Bangladesh, the eighth most populated nation in the world, is facing uncertain times in the wake of its fierce revolution that resulted in a military-backed government change and its subsequent appeals for international loans totalling $6.5 billion.
Bangladesh was perceived internationally as having a rapid economic development trajectory as recently as 2022. But as of right now, nothing more exemplifies how Bangladesh’s economic success story is coming apart than its desperate pleas for a fresh $3 billion bailout from the IMF, $1.5 billion from the World Bank, $1 billion from the Asian Development Bank, and cooperation from the Japan International Cooperation Agency.
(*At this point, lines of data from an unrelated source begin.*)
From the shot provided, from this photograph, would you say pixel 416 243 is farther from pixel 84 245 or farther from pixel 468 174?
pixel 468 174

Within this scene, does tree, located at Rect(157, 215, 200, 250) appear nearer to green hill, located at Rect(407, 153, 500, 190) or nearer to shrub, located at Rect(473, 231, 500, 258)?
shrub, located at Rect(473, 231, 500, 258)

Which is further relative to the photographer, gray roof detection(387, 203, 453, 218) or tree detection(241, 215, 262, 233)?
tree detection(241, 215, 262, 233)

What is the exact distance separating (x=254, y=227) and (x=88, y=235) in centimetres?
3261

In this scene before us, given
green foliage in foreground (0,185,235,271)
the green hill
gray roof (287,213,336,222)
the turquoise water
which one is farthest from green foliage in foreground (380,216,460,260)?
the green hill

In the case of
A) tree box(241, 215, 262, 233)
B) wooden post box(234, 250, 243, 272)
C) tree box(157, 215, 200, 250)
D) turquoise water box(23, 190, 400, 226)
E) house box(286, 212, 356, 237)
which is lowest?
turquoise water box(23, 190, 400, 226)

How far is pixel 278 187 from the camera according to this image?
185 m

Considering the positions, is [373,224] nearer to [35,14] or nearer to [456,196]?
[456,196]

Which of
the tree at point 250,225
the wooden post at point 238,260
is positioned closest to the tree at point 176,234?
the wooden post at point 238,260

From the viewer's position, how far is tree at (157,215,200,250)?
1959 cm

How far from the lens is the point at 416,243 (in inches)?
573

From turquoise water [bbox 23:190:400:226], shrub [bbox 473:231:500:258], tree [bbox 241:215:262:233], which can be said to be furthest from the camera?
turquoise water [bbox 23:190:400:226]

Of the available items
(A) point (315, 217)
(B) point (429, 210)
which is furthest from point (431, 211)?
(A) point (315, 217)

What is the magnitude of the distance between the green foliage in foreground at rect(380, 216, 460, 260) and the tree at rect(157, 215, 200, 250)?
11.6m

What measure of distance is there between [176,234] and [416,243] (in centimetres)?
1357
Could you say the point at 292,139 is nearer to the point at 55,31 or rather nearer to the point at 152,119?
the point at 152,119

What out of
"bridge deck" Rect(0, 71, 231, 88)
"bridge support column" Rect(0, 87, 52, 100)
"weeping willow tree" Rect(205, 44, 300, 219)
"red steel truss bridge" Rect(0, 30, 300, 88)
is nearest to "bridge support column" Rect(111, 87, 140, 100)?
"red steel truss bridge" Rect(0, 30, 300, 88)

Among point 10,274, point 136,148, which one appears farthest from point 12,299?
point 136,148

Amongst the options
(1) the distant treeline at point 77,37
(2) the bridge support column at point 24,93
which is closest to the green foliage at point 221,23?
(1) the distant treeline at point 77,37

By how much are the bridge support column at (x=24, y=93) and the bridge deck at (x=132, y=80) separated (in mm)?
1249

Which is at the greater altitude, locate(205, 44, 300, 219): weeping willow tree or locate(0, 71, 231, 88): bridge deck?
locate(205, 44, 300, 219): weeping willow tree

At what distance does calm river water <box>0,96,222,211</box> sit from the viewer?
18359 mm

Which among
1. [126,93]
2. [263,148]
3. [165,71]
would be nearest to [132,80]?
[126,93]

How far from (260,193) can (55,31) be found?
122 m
Before the global economic consequences from the Ukraine war started to weigh on Bangladesh’s finances, the Sheikh Hasina regime brought political stability and great economic growth to Bangladesh, despite her almost 15-year reign growing increasingly dictatorial.
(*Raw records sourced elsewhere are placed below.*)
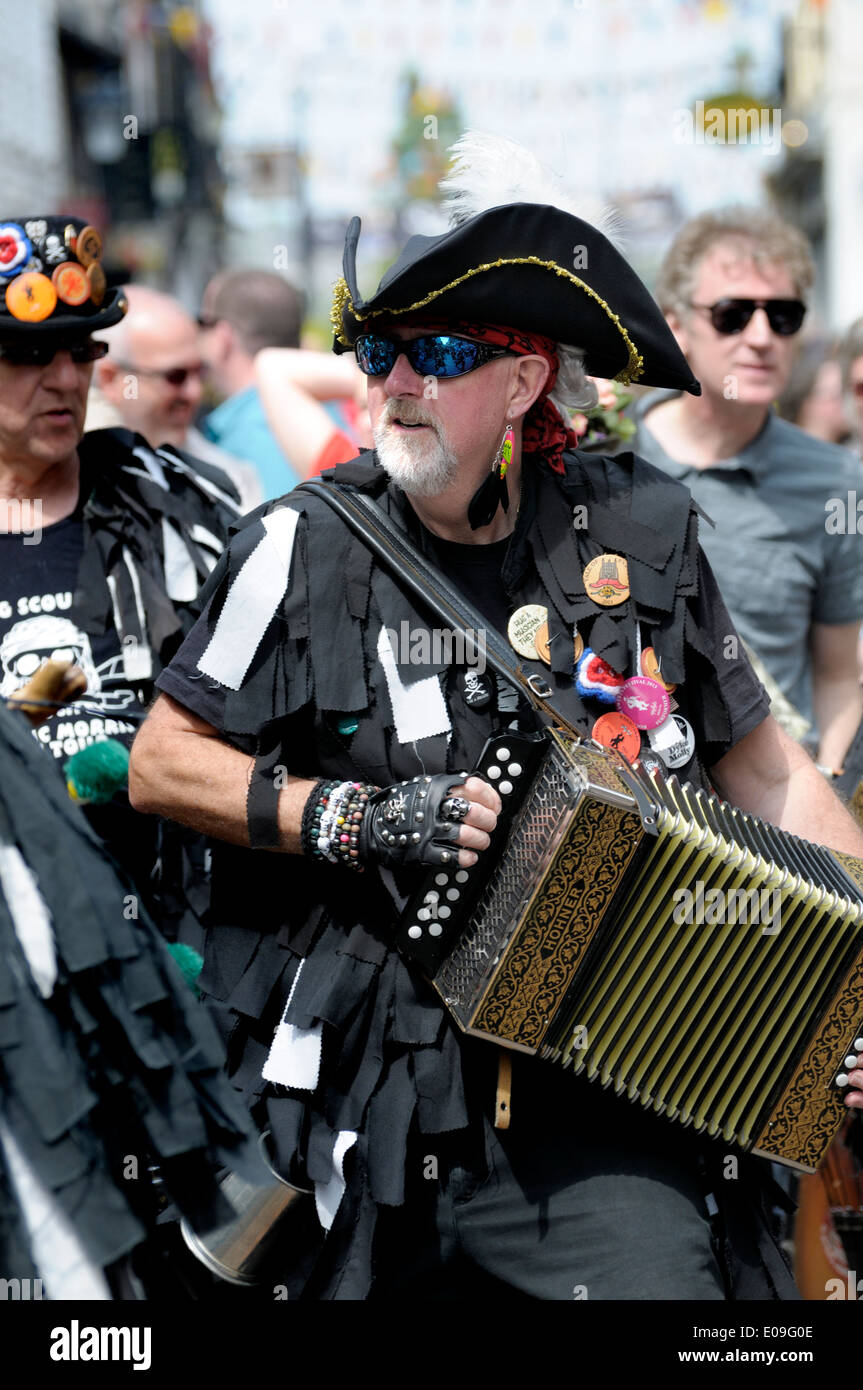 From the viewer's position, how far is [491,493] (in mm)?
3287

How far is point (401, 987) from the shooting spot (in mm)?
3088

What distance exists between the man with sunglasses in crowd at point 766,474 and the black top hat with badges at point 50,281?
1.84 m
Bangladesh’s growth and stability stand in contrast to Pakistan’s ongoing political and economic challenges. The two countries diverged in 1971 following a liberation war marked by significant violence and loss of life.
Uncertainty awaits
After Sheikh Hasina was overthrown in a youth-led uprising, the military chose an interim civilian-led government that is currently fighting to reestablish the rule of law and revitalise an economy severely damaged by widespread mob violence and destruction. Bangladeshi politics has historically involved the military as a major actor. The military’s influence over the government in a democratic context is concerning, and in Bangladesh, this has contributed to significant instability.
Apart from hundreds of deaths during the anti-government protests, the new regime contended that some of the rioters had stolen weaponry from law enforcement and other persons. Additionally, mobs in Dhaka took some police officers hostage, resulting in the deaths of at least 44 officers.
Political tensions have increased due to the new government’s involvement in human rights violations, including purges, arbitrary detentions, and restrictions on freedom of speech. Many individuals, including academics, journalists, and political opponents, have faced serious charges that led to their imprisonment.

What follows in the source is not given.